When the current EU leadership took office, only the brave would have predicted that the Union was about to take a major leap forward on migration. If anything, the initial signs were not encouraging. In November 2020, the Mediterranean countries rejected key elements of the new European Commission’s plans for a ‘pact’ on border control and processing irregular arrivals. Meanwhile, six states in the Schengen passport-free zone showed no signs of lifting the border checks they instituted during Europe’s 2015 migration crisis. And when governments realised that EU irregular arrivals for 2020 were down only slightly on the year before — a global mobility shutdown notwithstanding — many looked fearfully to a new crisis once normality returned.

That crisis was certainly in the post but never arrived. Because the EU used a relative lull in early 2021 to mainstream migration priorities into its foreign and aid policies — for the first time from the beginning of its seven-year funding cycle. The shift began in 2021 when Spain called for help after the arrival of over 20,000 migrants to the Canaries, most embarking from a new smuggler base in Laayoune, Western Sahara. The Spanish government asked the EU to re-energise its model of friendly partnership with West African countries, Morocco and Algeria, with a ‘Team Europe’ approach.

Team Europe gets to work

This meant finally operationalising a long-growing consensus, which would see the EU’s trade, aid and visa policies more precisely aligned to national priorities on border control, the return of irregular economic migrants and eventually to specific labour market needs. (Spain had already pioneered a version of this during the  2007 Cayucos crisis.) This reorganisation had its critics, including the decision to restrict visa access from countries refusing to take back their own nationals. But the EU also offered a concrete alternative: special partnerships with beefed up, long-term, predictable funding lines – incorporating 10 per cent of the Union’s €85 billion external budget – and ever-growing access to European recruitment schemes, including skills-matching and even extra-territorial job permits, an idea prompted by the work-at-home policies of the pandemic. In addition, every individual deal contained a counter-smuggling ‘op plan’, supported by special stand-alone funds, recognising that irregular boat arrivals to the EU had exceeded 100,000 people a year for over five years, and created the deadliest sea on earth.

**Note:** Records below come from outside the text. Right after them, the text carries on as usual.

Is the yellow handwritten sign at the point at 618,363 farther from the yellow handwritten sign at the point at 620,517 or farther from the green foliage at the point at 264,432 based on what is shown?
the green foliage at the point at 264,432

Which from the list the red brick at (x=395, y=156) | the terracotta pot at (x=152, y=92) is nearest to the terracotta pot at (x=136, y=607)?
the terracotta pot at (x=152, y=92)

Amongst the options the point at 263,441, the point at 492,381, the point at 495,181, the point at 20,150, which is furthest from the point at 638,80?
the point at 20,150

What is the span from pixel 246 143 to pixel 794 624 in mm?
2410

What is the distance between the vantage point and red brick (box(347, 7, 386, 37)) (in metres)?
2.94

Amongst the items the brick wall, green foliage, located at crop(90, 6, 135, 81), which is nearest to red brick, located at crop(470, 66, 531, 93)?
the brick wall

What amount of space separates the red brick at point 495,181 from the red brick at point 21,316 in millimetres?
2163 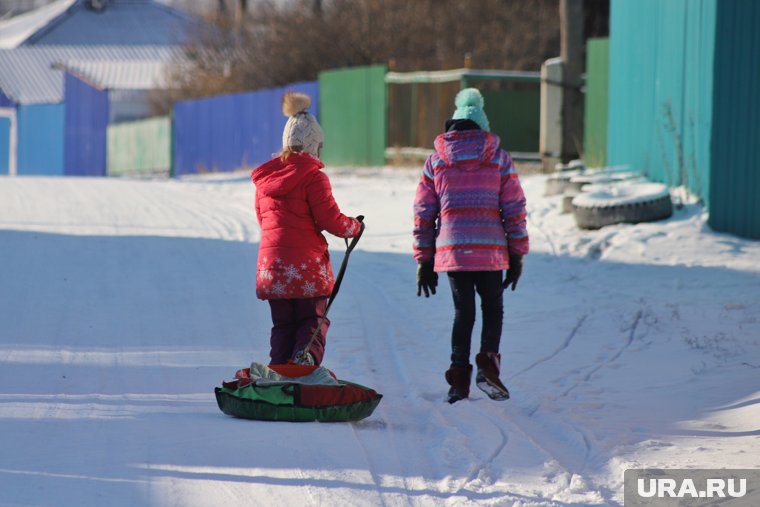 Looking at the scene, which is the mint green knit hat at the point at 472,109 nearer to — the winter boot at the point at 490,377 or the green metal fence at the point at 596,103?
the winter boot at the point at 490,377

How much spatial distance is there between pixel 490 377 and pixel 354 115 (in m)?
18.5

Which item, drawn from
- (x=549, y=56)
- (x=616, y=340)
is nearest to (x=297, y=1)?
(x=549, y=56)

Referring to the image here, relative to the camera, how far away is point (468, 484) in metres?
4.95

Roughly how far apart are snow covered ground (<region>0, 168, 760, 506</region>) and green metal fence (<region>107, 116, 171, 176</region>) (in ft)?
64.6

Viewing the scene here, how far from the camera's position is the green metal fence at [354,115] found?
23766mm

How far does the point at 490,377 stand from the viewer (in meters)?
6.56

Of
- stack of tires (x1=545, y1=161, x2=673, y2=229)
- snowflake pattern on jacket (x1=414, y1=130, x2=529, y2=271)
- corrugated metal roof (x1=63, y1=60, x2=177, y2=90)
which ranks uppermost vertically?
corrugated metal roof (x1=63, y1=60, x2=177, y2=90)

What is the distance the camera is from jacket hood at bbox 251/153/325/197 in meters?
6.29

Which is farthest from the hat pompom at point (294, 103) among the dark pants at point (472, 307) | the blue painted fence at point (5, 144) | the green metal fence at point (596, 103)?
the blue painted fence at point (5, 144)

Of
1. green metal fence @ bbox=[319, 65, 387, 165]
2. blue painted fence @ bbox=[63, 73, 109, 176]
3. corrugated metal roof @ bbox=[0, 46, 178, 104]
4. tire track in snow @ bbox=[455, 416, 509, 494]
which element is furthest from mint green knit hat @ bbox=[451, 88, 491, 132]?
corrugated metal roof @ bbox=[0, 46, 178, 104]

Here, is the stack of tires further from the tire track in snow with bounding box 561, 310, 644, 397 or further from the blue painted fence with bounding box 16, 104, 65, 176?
the blue painted fence with bounding box 16, 104, 65, 176

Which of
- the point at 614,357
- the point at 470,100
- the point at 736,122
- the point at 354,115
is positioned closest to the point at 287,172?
the point at 470,100

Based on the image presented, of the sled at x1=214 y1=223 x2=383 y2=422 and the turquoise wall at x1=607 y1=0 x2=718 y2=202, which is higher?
the turquoise wall at x1=607 y1=0 x2=718 y2=202

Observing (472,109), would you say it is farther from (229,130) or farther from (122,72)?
(122,72) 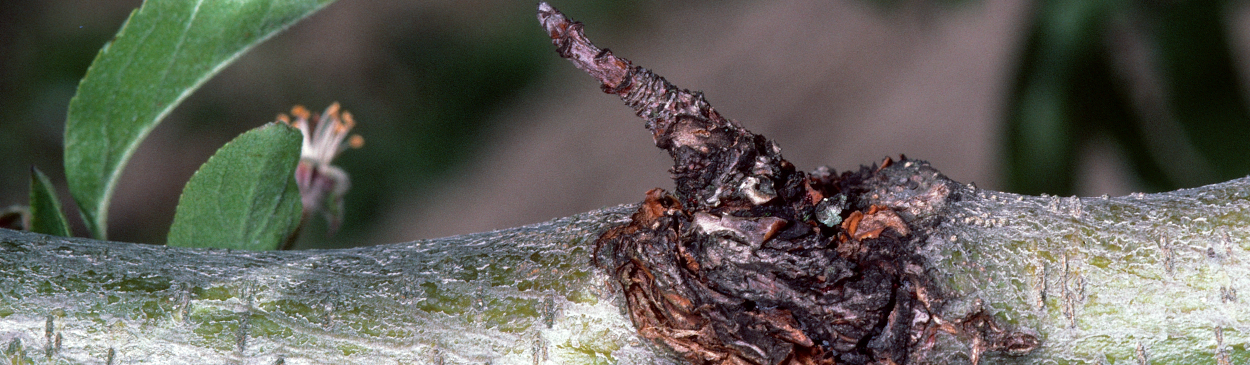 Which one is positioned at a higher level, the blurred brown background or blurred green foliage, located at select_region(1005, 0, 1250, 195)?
the blurred brown background

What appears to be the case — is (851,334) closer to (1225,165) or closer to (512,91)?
(1225,165)

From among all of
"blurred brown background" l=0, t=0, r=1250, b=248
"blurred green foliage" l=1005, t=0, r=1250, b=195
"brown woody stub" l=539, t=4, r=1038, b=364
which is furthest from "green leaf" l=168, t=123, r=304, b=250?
"blurred brown background" l=0, t=0, r=1250, b=248

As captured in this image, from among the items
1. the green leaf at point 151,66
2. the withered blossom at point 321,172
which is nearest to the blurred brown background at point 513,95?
the withered blossom at point 321,172

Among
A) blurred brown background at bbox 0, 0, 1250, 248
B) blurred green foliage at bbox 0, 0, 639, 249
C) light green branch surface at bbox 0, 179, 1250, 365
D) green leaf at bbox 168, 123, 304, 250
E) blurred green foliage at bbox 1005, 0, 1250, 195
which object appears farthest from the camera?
blurred brown background at bbox 0, 0, 1250, 248

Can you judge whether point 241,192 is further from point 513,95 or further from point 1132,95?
point 513,95

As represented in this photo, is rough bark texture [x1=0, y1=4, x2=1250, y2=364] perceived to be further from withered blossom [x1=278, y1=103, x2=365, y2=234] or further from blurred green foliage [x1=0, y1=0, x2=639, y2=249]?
blurred green foliage [x1=0, y1=0, x2=639, y2=249] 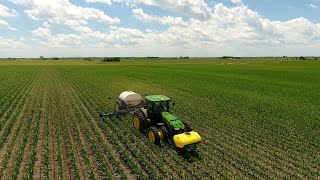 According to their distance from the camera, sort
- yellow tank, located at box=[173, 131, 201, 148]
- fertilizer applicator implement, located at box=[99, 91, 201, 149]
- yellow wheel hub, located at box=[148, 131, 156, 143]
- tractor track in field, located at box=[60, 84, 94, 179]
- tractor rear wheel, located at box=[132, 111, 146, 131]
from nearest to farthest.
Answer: tractor track in field, located at box=[60, 84, 94, 179] → yellow tank, located at box=[173, 131, 201, 148] → fertilizer applicator implement, located at box=[99, 91, 201, 149] → yellow wheel hub, located at box=[148, 131, 156, 143] → tractor rear wheel, located at box=[132, 111, 146, 131]

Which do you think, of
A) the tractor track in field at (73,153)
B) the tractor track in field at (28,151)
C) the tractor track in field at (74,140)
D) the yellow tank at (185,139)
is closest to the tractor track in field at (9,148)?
the tractor track in field at (28,151)

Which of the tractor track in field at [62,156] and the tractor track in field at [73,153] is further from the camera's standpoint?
the tractor track in field at [73,153]

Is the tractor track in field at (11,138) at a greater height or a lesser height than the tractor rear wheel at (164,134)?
lesser

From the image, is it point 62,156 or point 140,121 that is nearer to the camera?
point 62,156

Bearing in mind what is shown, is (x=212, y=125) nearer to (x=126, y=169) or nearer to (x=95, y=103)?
(x=126, y=169)

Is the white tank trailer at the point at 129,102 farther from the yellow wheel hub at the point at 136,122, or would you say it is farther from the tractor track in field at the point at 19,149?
the tractor track in field at the point at 19,149

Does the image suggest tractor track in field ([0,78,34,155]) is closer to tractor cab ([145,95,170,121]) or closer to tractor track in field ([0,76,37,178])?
tractor track in field ([0,76,37,178])

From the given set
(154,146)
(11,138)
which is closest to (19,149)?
(11,138)

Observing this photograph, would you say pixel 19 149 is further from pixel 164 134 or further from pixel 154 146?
pixel 164 134

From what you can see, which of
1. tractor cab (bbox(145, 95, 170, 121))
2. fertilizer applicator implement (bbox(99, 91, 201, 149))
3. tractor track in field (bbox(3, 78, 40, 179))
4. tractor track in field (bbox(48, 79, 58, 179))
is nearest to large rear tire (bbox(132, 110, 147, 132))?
fertilizer applicator implement (bbox(99, 91, 201, 149))

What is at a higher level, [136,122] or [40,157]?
[136,122]

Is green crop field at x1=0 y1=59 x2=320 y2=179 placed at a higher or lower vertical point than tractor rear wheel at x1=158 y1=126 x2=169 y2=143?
lower

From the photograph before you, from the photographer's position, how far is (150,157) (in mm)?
11391

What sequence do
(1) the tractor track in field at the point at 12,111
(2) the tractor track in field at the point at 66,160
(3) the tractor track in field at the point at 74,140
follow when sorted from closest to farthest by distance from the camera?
(2) the tractor track in field at the point at 66,160 → (3) the tractor track in field at the point at 74,140 → (1) the tractor track in field at the point at 12,111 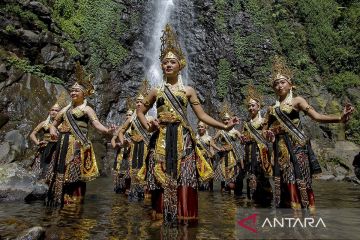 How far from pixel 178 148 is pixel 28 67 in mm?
16220

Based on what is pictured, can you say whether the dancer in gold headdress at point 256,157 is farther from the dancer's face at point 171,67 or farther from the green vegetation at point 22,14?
the green vegetation at point 22,14

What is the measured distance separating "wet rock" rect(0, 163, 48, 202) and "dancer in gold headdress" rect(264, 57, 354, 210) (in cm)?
489

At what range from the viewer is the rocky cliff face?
19.4m

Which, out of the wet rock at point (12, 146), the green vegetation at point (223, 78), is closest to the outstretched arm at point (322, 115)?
the wet rock at point (12, 146)

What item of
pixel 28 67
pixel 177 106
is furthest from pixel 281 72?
pixel 28 67

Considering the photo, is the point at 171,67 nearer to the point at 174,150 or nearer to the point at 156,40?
the point at 174,150

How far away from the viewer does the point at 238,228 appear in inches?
194

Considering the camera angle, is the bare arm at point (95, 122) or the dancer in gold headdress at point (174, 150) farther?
the bare arm at point (95, 122)

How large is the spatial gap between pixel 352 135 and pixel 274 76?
806 inches

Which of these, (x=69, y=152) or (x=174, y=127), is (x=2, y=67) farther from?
(x=174, y=127)

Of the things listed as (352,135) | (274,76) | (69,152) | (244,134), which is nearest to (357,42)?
(352,135)

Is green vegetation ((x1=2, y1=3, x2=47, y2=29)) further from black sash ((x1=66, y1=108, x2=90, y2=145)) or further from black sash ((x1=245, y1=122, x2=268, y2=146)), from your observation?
black sash ((x1=245, y1=122, x2=268, y2=146))

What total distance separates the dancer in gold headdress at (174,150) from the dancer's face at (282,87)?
1878 millimetres

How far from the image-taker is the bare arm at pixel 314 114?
18.8ft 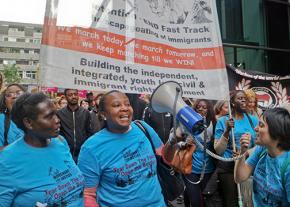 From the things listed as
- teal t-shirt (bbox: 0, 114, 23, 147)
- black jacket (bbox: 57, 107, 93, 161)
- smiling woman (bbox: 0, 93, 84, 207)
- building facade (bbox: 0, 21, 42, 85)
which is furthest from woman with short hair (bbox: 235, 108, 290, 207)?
building facade (bbox: 0, 21, 42, 85)

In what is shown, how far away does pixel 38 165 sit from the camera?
208cm

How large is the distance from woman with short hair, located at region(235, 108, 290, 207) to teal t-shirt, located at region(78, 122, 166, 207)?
0.66 metres

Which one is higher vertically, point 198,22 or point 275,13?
point 275,13

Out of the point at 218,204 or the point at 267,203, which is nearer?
the point at 267,203

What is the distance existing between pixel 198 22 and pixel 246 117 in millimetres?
1515

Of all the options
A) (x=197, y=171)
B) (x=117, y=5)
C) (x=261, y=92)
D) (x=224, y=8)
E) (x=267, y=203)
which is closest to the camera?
(x=267, y=203)

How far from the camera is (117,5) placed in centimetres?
311

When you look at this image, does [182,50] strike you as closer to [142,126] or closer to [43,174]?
[142,126]

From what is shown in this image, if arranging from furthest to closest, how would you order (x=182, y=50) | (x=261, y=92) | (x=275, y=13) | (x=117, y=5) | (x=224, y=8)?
Result: (x=275, y=13) → (x=224, y=8) → (x=261, y=92) → (x=182, y=50) → (x=117, y=5)

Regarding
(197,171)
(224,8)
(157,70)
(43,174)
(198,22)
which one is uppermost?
(224,8)

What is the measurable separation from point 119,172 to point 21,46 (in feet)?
303

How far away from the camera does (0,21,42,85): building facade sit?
85.5 meters

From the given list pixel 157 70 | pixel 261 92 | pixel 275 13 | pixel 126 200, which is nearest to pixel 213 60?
pixel 157 70

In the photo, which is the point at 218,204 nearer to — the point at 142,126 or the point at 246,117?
the point at 246,117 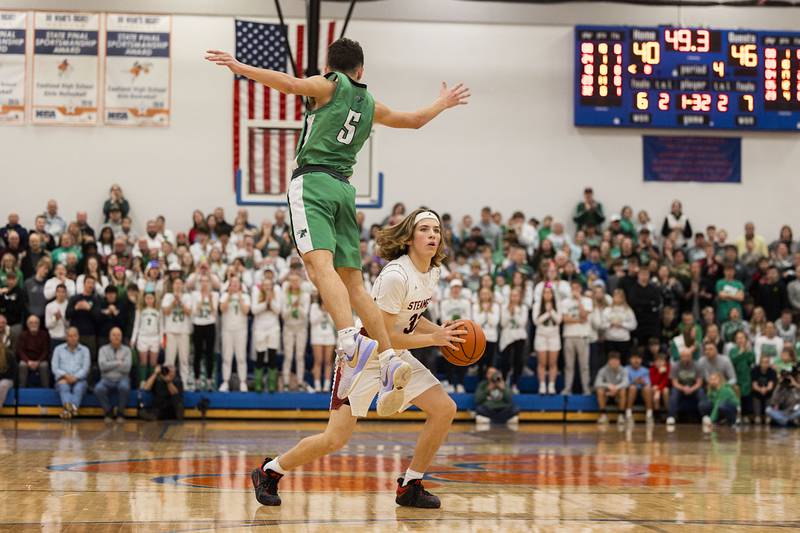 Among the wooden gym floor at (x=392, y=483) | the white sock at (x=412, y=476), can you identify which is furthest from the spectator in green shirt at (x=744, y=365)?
the white sock at (x=412, y=476)

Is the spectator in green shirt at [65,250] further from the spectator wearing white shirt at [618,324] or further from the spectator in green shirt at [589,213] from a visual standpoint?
the spectator in green shirt at [589,213]

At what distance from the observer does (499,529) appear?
5465 mm

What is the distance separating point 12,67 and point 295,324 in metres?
9.93

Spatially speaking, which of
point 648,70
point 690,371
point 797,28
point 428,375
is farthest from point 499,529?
point 797,28

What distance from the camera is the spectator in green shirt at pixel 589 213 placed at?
22484mm

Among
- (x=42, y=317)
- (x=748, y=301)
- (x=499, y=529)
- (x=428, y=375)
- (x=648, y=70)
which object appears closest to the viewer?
(x=499, y=529)

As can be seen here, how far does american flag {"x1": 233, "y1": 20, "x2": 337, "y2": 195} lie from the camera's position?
18594mm

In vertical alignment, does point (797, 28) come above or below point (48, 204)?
above

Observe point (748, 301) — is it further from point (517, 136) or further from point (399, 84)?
point (399, 84)

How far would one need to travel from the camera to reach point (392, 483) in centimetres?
785

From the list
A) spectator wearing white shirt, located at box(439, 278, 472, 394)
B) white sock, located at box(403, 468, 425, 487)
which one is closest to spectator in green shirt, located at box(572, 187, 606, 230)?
spectator wearing white shirt, located at box(439, 278, 472, 394)

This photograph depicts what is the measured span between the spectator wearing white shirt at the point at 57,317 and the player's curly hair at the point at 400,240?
11564 millimetres

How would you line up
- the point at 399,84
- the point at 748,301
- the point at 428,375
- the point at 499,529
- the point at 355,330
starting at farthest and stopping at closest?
the point at 399,84 → the point at 748,301 → the point at 428,375 → the point at 355,330 → the point at 499,529

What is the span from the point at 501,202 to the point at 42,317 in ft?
35.2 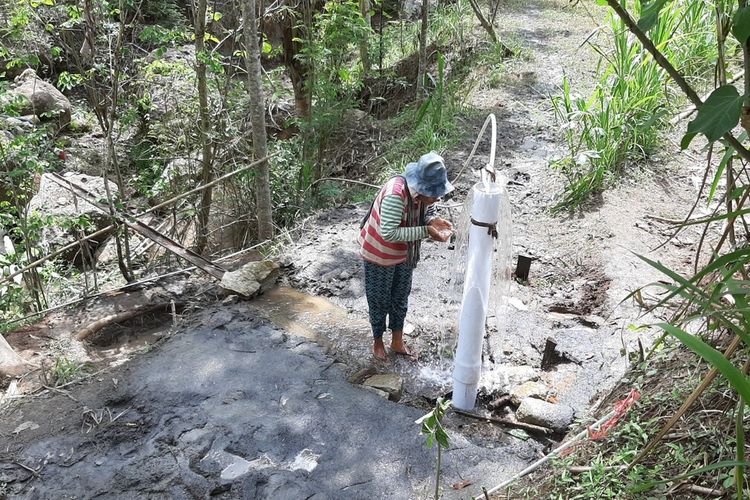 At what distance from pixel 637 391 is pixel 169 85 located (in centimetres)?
505

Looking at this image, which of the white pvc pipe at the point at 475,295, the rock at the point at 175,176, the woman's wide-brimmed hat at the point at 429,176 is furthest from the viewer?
the rock at the point at 175,176

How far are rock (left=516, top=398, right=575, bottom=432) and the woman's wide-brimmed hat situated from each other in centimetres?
116

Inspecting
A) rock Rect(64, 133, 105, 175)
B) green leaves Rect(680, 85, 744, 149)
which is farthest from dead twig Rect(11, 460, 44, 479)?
rock Rect(64, 133, 105, 175)

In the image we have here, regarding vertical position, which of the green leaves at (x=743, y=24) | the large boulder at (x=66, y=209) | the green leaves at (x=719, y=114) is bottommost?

Each country accord was unique to itself, targeting carefully the partner state’s needs. Tunisia wanted help to re-start its tourism sector and spur trade with Libya; Algeria urgently needed budget support to compensate for low oil-prices and high youth unemployment; Morocco pointed to its own concerns on its southern border, and so on. As it became clear that the pandemic’s true impact on Africa was more serious and longer lasting than first assumed, the Union offered generous funds for post-COVID reconstruction, and in late 2021 re-directed excess stocks from its own successful vaccination drive for free to its neighbourhood. Step-by-step, the partners constructed a spine of intra-regional co-operation stretching from Senegal to Turkey that began to toughen and cohere. The latter, a critical player, concluded its own enhanced migration accord with the EU in November 2021.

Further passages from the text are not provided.